Chapters 11 and 12 Reflection

1. How does the task presented in class (examining fair tests) compare to the content covered in chapter 11?

-In chapter 11, it talks about data collection, classification, and organization. The task that was presented in class on examining fair tests compares to this content in the book in the way that we had to collect data on finding the circumference of our wrist. The book tells us that there are several different ways to collect data, and in our test, there was a tape measure, string, ruler, etc. Also, there were different units of measure, such as inches and centimeters. Chapter 11 also tells u that classification is the first step in the organization of data. What are you going to be using to measure? What units of measure will you use? What part of the wrist will you measure? Which wrist will you measure? Etc.

2. What are you seeing related to data analysis and probability in your own classroom settings?

-In my first grade classroom, they saw more on data analysis in September than I do now because they did a unit on teaching about data. However, data is still collected daily in the classroom. Data is collected is many subjects, not just math. I remember one activity they did in learning how to make a bar graph, they went around to different tables and filled in data about themselves. There would be different questions such as, "which food do you like better, hamburger or hotdog?" and they would have to put an X under the one they like more. Another was "which type of shoe do you have on today? Tennis shoe, boot, or other?" In groups, they had to get together and make bar graphs using their data. Data is collected for language arts too in making webs or charts. The students have to use the information from the story to collect data and fill out the web on the Promethean board with the teacher. I don't see much probability used in my classroom setting.

3. Examining the SC early childhood content standards (K-3) for data analysis and probability. How do the state standards compare to chapters 11 and 12?

-Kindergardeners are emerging in their sense of organizing and interpreting data. The books gives us ways to help meet the children where they are at their level of understanding. For kindergardeners and younger ages, it talks about using graphs to sort data and lay it out for visually for students to see.
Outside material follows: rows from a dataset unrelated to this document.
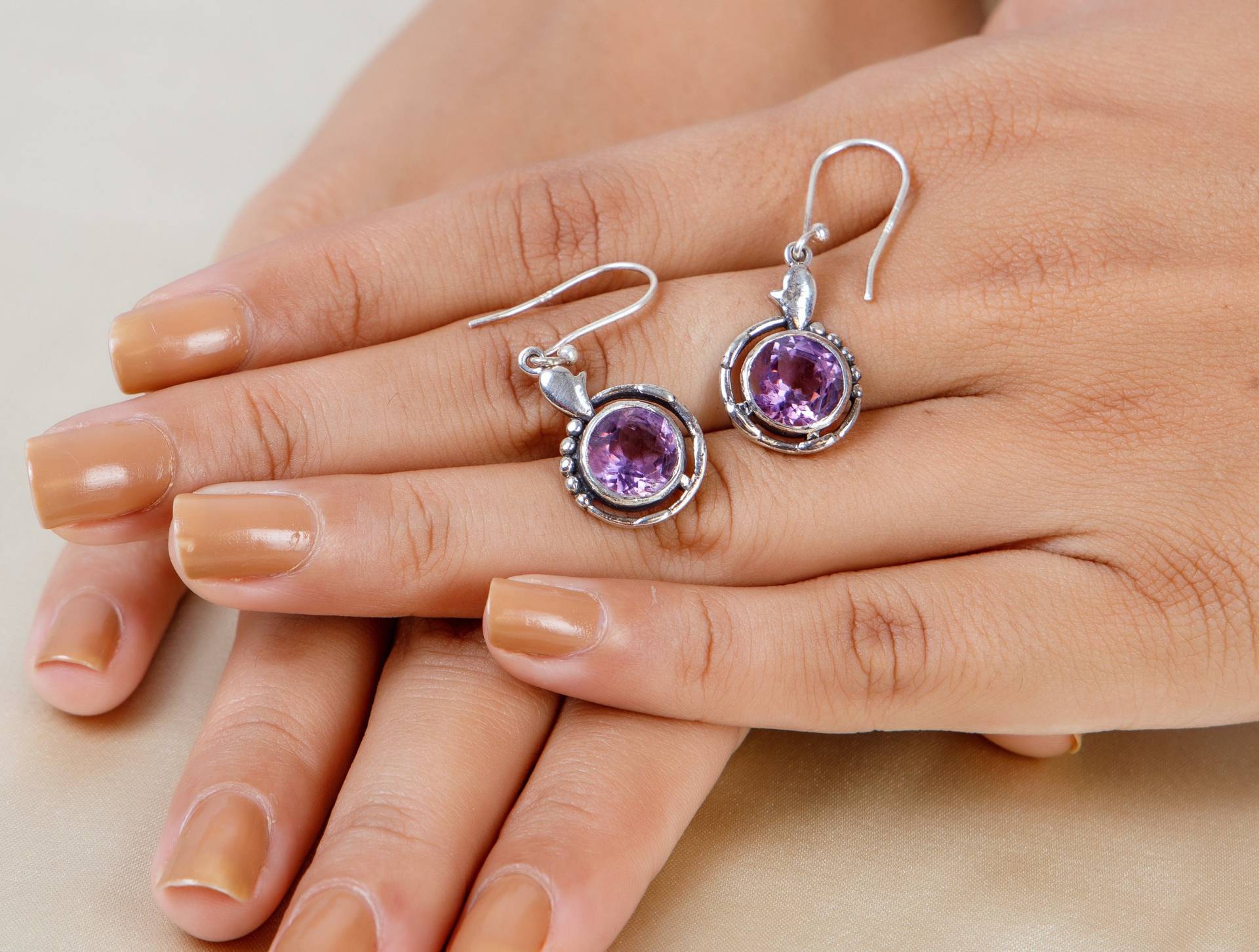 Schöne Lila Amethyst Ohrringe, Tropfen Stein Ohrringe Silber, Runde Baumeln Frauen Statement von jewelrygemshouse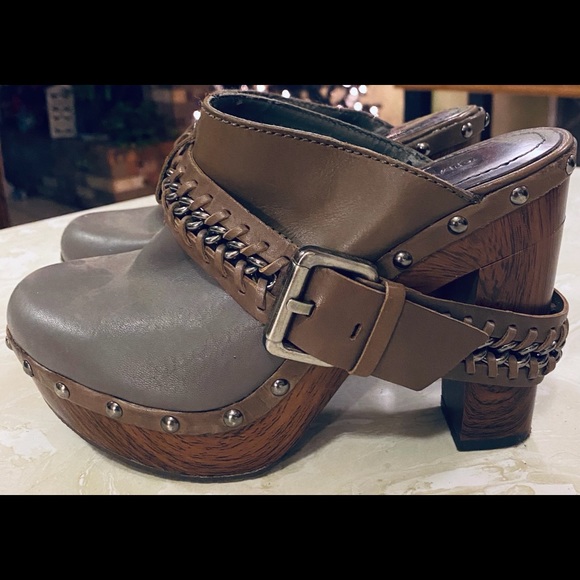 Clogs - Picture 3 of 5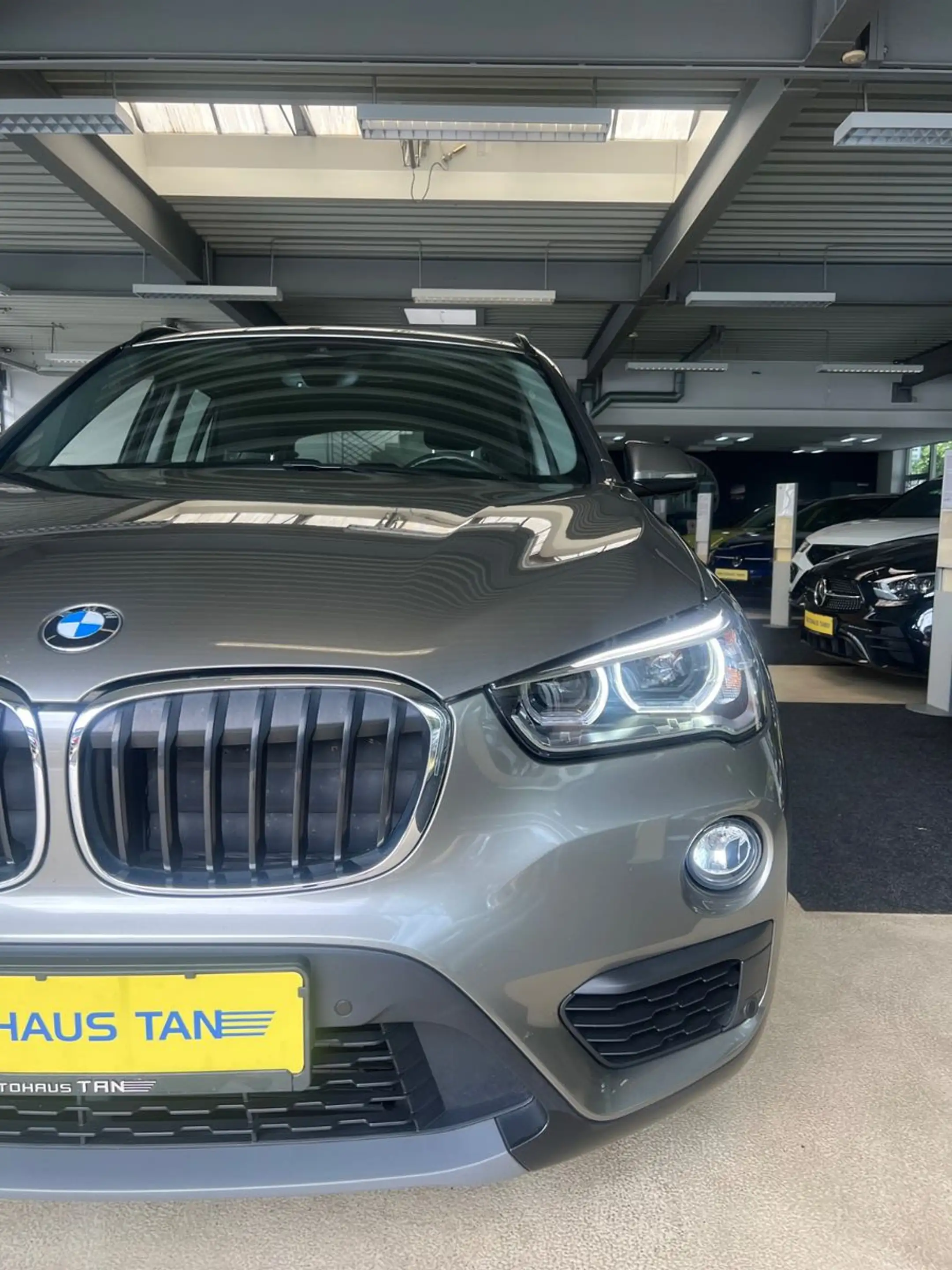 BMW X1 sDrive 18 d Advantage *LED*NAVI*SITZHEIZUNG* — photo 4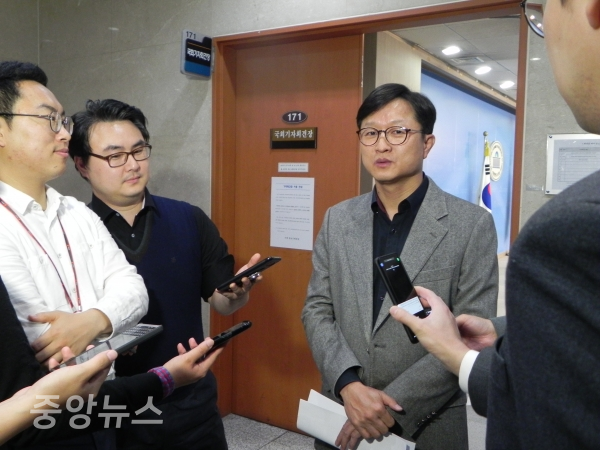 강병원 대변인은 특별재판부 요구에 한국당이 최대한 협조하도록 설득하고자 하지만 패스트트랙 조항은 현실적이지 않다고 말했다. (사진=박효영 기자)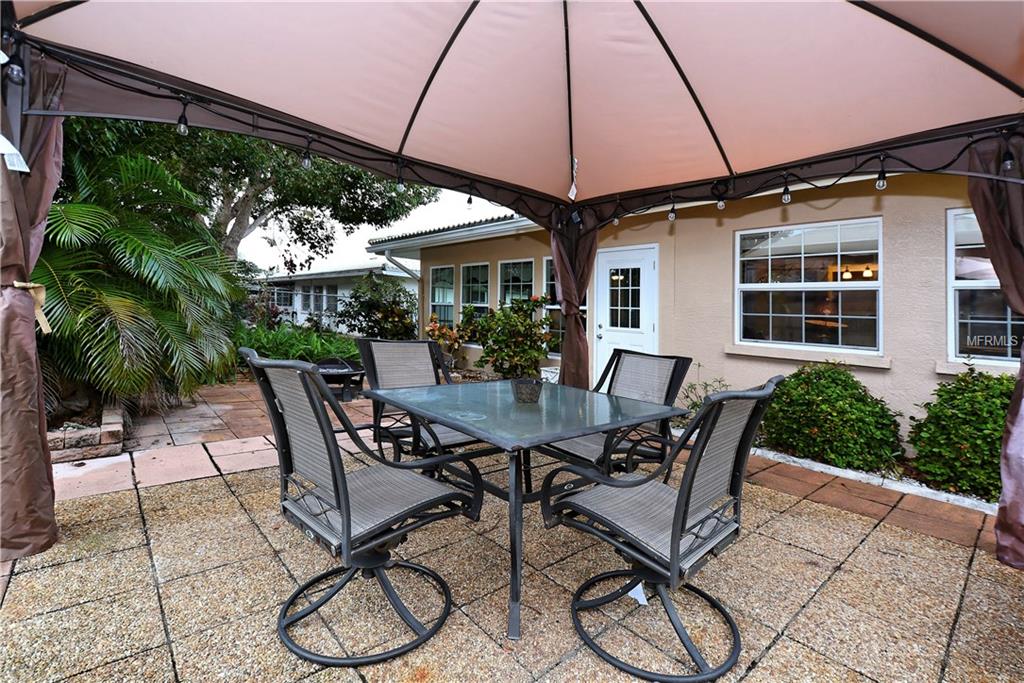 3312 SPRING MILL CIRCLE, SARASOTA, Florida 34239, 2 Bedrooms Bedrooms, 7 Rooms Rooms,2 BathroomsBathrooms,Residential,For sale,SPRING MILL,A4207270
For the older students such as third graders, the standard states that the students will demonstrate through mathematical processes their understanding about data and the basic concepts of probability. In the book, it talks about teaching probability using manipulatives and charts for these students who have mastered the earlier concepts about data collection.

Chapter 3 Reflection

Key ideas presented in chapter 3:

-Addition and subtraction are related. Addition is used to name the whole when the parts of the whole are known. And subtraction is used to name a part when the whole and the remaining part are known.

-Multiplication and division are connected. Multiplication should be taught the students start writing repeated-addition equations to represent what they did as an equation. Division should be introduced shortly after that.

-There are properties for addition/subtraction and multiplication/division to help remember and learn how to add/subtract and multiply/divide.

-Models can be used to help visualize a problem. This helps children better understand math sometimes because it helps them see it worked out and to give meaning to a number sentence.

How do these ideas inform your understanding of teaching and numbers?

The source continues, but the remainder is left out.